アートと法律の関係は切っても切り離せないものです。バンクシーは壁画やセンセーショナルな作品形態で知られていますが、2018年に開かれたオークションに出品された作品が、落札と同時に仕込まれていた機械でシュレッダーにかけられたことでも有名です。シュレッダーは途中で止まったものの、作品の3分の2は裁断された状態になりました。他人の所有物なら、法律的な側面から見ると「器物損壊」にあたりえます。これは、故意に壊したり使えなくしたりすることで、<もの>の価値が下がることを指していますが、バンクシーの場合は裁断されたことで作品の市場価値が倍増したと言われています。また、イギリスで開催されたフォークストーン・トリエンナーレにバンクシーが参加した際にビルに描かれた壁画《Art Buff》(2014年)は、テナントの借主が壁をはがしてギャラリーに送りオークションにかけられました。テナント主は壁画が描かれたビルの所有者ではないため、ビルの所有者が壁画の所有権を主張し、さらにトリエンナーレ主催者は参加作家によるトリエンナーレ出展作だとして、ビルの所有者に所有権譲渡を申し立てました。最終的にイギリスの裁判所が公共物としてフォークストーン市への返還要求を決定しました。また、草間彌生や村上隆の作品だとして、全く作家が関わらない「ニセモノ」の展覧会が中国で開かれていたこともありました(2)。

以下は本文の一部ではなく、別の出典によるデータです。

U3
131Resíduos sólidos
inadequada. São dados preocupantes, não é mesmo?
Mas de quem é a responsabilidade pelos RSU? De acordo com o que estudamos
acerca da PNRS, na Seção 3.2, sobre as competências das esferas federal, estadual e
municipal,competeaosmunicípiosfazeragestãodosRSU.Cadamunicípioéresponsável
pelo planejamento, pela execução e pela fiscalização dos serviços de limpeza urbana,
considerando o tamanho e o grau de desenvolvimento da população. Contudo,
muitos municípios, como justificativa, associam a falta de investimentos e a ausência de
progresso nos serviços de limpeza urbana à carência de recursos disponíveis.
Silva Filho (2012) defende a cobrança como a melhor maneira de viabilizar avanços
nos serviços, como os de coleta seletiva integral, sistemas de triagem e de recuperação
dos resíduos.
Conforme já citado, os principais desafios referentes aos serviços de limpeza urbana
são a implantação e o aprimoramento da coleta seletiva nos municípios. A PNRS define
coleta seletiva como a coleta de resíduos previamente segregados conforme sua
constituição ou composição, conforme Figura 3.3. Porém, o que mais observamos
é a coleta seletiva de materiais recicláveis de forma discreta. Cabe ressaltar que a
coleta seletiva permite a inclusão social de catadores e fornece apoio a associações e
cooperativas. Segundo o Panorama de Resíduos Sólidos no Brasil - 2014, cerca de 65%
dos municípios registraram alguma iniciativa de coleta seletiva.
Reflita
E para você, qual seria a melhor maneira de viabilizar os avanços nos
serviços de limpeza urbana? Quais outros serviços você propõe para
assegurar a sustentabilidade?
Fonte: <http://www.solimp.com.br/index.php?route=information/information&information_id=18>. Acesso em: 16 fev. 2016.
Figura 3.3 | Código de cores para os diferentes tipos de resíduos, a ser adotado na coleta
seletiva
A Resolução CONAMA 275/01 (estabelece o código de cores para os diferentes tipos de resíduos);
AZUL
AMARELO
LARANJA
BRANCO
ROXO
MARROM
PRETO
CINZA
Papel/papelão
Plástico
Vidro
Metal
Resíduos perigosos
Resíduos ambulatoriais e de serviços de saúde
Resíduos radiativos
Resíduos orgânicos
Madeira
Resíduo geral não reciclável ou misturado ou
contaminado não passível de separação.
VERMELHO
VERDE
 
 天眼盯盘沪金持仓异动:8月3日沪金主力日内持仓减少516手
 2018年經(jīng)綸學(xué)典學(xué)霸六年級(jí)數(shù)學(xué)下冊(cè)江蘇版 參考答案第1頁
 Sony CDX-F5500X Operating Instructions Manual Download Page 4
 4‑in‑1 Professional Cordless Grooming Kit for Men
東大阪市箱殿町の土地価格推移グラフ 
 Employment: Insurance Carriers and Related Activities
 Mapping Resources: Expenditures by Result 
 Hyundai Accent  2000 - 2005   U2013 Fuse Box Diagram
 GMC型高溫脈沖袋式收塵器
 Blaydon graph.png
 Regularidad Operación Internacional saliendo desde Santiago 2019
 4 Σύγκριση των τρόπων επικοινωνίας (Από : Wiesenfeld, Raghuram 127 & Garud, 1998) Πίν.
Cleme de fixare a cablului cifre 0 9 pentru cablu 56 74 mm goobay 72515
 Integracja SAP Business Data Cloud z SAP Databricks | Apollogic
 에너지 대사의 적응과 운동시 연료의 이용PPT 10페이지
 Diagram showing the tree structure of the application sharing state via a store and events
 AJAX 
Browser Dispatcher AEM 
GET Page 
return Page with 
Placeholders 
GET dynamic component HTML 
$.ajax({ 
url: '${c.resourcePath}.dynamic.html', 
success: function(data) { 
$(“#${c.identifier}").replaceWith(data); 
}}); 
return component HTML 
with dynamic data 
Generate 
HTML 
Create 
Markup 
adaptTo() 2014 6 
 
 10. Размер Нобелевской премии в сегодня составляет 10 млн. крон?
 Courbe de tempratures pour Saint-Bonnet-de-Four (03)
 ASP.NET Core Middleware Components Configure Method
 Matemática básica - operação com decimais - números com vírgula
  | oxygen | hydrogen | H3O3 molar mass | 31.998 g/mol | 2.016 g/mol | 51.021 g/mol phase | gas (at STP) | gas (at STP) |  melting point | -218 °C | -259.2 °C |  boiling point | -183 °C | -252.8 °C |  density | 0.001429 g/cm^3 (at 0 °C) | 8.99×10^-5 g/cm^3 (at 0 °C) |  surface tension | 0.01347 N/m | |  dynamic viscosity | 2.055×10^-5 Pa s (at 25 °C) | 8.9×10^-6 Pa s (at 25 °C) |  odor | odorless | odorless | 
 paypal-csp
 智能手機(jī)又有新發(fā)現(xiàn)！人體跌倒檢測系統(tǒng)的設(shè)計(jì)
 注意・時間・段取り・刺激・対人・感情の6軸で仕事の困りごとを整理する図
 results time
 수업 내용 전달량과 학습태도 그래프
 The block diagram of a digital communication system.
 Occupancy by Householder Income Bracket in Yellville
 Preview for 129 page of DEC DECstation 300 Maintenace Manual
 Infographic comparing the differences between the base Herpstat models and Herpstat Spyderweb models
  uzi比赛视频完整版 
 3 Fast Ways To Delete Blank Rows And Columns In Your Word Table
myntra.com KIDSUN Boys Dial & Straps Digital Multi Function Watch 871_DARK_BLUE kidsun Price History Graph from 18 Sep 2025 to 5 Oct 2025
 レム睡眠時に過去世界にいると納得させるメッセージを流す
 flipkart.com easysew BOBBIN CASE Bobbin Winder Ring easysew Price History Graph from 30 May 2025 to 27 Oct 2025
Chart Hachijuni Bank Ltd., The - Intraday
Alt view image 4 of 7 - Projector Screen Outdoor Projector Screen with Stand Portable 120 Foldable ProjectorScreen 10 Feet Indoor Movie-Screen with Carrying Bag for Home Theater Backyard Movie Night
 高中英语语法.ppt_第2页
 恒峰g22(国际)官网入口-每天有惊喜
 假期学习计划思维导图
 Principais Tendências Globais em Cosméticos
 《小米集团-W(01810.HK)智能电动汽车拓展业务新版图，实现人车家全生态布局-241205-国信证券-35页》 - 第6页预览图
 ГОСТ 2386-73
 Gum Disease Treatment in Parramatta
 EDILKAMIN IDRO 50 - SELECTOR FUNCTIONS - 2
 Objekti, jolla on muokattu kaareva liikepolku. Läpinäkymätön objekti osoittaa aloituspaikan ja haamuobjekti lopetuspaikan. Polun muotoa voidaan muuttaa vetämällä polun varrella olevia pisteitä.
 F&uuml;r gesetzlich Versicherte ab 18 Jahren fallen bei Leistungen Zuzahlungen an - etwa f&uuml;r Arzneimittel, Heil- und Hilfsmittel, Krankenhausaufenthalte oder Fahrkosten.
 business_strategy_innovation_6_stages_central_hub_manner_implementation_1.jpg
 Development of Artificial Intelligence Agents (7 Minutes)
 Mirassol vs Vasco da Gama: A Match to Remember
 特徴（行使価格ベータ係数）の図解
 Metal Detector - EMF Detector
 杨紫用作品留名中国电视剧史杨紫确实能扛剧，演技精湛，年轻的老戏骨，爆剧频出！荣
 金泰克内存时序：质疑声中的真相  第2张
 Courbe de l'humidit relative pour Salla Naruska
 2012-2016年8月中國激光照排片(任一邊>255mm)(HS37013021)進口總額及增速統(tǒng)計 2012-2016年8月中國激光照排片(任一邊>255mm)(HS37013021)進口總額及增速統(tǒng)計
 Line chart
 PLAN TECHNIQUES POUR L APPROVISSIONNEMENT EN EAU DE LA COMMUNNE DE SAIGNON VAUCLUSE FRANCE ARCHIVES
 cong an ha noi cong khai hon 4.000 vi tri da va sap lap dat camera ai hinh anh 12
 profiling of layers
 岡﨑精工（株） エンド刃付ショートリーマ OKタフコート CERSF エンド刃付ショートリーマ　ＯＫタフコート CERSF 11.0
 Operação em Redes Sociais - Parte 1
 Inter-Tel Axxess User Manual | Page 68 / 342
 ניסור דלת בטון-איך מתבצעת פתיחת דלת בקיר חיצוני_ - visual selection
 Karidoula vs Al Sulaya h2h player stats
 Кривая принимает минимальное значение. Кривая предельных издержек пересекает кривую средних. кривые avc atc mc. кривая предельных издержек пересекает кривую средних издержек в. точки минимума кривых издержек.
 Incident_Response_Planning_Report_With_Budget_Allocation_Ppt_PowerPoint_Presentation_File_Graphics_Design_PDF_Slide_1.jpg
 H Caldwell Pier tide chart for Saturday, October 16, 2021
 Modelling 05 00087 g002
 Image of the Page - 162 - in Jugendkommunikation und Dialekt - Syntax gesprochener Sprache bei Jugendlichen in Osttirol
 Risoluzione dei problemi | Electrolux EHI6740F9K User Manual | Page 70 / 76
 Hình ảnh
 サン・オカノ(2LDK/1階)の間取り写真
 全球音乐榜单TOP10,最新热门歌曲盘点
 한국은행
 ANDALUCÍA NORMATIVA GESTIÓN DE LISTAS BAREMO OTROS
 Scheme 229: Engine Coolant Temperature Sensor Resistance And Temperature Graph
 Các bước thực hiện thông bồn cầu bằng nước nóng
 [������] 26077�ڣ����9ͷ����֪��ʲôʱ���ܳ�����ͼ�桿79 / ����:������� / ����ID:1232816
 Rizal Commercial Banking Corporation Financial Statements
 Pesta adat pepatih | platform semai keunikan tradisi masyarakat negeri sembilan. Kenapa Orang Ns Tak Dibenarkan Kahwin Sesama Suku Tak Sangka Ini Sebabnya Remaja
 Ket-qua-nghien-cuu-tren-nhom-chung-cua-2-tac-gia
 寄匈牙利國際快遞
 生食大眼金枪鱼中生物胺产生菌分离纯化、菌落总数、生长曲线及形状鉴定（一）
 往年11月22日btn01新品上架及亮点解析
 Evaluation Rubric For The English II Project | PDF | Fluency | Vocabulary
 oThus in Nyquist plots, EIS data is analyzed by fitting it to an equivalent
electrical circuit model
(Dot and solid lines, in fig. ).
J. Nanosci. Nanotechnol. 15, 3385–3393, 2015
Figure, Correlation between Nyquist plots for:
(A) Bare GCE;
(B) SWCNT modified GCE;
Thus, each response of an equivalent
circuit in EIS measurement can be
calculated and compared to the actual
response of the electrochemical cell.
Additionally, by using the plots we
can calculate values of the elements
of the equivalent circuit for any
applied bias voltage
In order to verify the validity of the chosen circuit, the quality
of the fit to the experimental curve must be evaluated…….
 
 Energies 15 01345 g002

こうした問題では、アーティストや関係者に対してどのような損害が生じるのかということをみていくことになります。そこで関係してくるのが「芸術法」(3)です。固有の法律を指すのではなく、美術やクリエイティブ産業に関連する取引慣習や法例、法律判断等の法体系を指します。アートが法律と密接に関係しているという事例から、所有権に焦点をあて詳しくみていくことになりました。
(1)Arts and Law(AL)
弁護士・弁理士・会計士などの資格を持った専門家による、芸術文化活動への支援を目的とした非営利の任意団体。専門知識の普及や無料相談の実施などを行い、芸術文化活動に従事するすべての人へ法律面での支援を行っている。 https://www.arts-law.org/
(2)『草間彌生の贋作展に財団が抗議。中国各地で開催か』美術手帖, 2018.10.28 (https://bijutsutecho.com/magazine/news/headline/18731、2023年9月20日閲覧)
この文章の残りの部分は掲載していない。